Isabella.Thanks, ye spirits of vengeance! [Aside]Now you shall taste the immortal wine, my lord,And drink a health to Cupid.(Cornwall 1822: I, 31–32)[Перевод: Изабелла. Благодарю вас, духи мести! [Реплика в сторону] / Теперь, мой господин, попробуй бессмертное вино / И выпей за здоровье Купидона.]
Движимая не маниакальной завистью к простодушному гению, а праведной жаждой мести и ненавистью к убийце любимого мужа, Изабелла все же едва не отказывается от своего намерения. Осознание того, что она преступает нравственный закон и совершает смертный грех, душевный порыв к милосердию, страх перед отнятием чужой жизни, невольная жалость пронзают Изабеллу сразу же после того, как Людовико произносит тост за ее здоровье, желая ей «не знать ни часа горя» («I’ll drink to thee, my queen. <…> May you ne’er know an hour of sorrow» — Cornwall 1822: I, 31). Очевидно, что Пушкин заимствует у Корнуола не только эмфатические словесные формулы, но и последовательность событий, дающую психологическую мотивировку восклицанию персонажа. Подобно Изабелле, пушкинский Сальери реагирует на дружеский тост, которым Моцарт признает его равным гению («За твое / Здоровье, друг, за искренний союз, / Связующий Моцарта и Сальери, / Двух сыновей гармонии»), но, в отличие от героини Корнуола, не успевает задержать ход событий.

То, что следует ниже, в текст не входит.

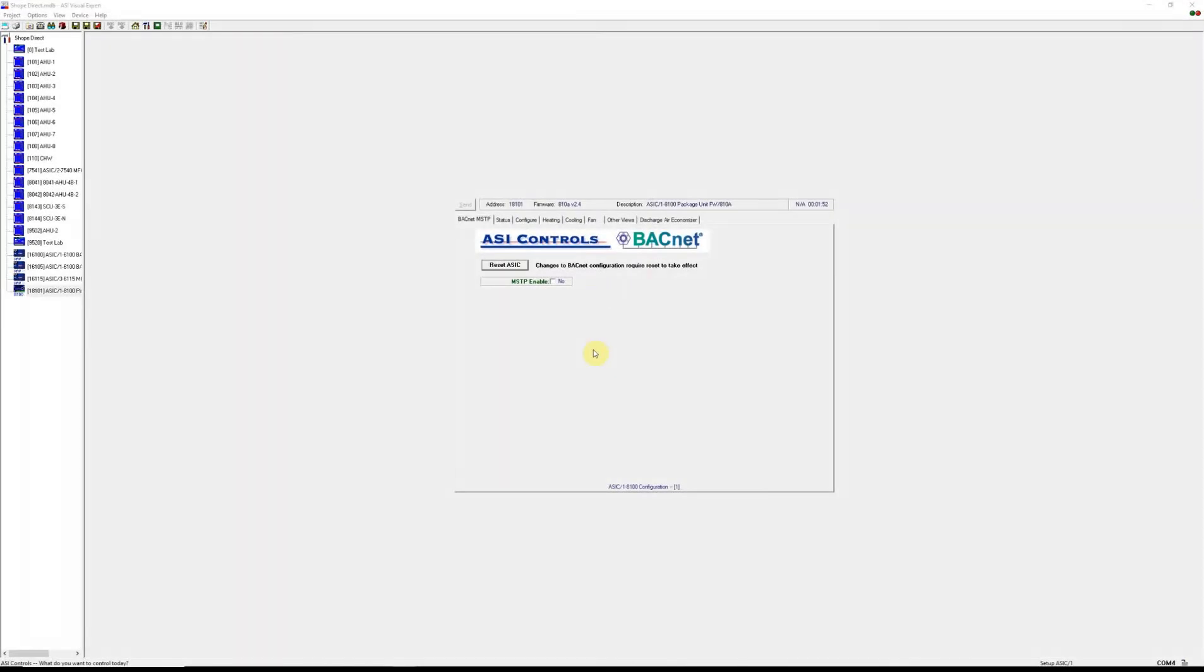In this video today we are going to go over updating the firmware for an 8100 controller connected directly with a micro sync.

Слушай же, Сальери, / Мой Requiem.
(Играет.) Ты плачешь? — Реквием Моцарта был довольно неплохо известен в России, и у Пушкина была возможность слышать его полностью в концерте Петербургского филармонического общества 22 февраля 1828 года (Ливанова 1956: 13). По-видимому, именно этот концерт вспоминала А. О. Смирнова-Россет, считавшая, правда, что он состоялся в сезоне 1829 года: «После нового года балы, вечера и концерты участились. Фирс Голицын меня зазвал в Филармоническую залу, где давали всякую субботу концерты: Requiem Моцарта, Création Гайдна, симфонии Бетховена, одним словом, серьезную немецкую музыку. Пушкин всегда их посещал» (Пушкин в воспоминаниях 1998: II, 148; Эйгес 1937: 176). О предыдущем исполнении Реквиема в Петербурге 31 марта 1826 года Пушкин мог читать в статьях Булгарина в «Северной пчеле» (1826. № 40. 3 апреля. С. 3–4; подробнее см. выше, а также: Кац 2008: 74–75, 80) и Улыбышева в «Journal de St. Pétersbourg» (1826. № 48; Алексеев 1935: 531–532). Кроме того, весной 1828 года «Московский телеграф» упомянул о состоявшемся 28 марта московском концерте, в котором прозвучало несколько номеров из Реквиема (Эйгес 1937: 175, примеч. 2). Журнал отметил дурное исполнение, превратившее Реквием в «пародию на несравненную и гениальную музыку» (МТ. 1828. Ч. 20. № 8. С. 526–527; ср. невольную пародию слепого скрипача на арии Моцарта). Елизавета Ушакова (в замужестве Киселева), младшая из сестер, у которых Пушкин часто бывал в Москве с 1826 по 1830 год, пела в любительском хоре, который исполнял Реквием (Киселева 1899: 359), — возможно, в присутствии Пушкина (Эйгес 1937: 175–176). Таким образом, существует некоторая вероятность того, что Пушкин помнил звучание хотя бы отдельных частей Реквиема и представлял себе, какое именно место из него должен играть Моцарт. В опере Римского-Корсакова «Моцарт и Сальери» здесь звучит самое начало первой части Реквиема (хор поет его за кулисами); современные постановщики пушкинской пьесы чаще отдают предпочтение разделу «Lacrimosa».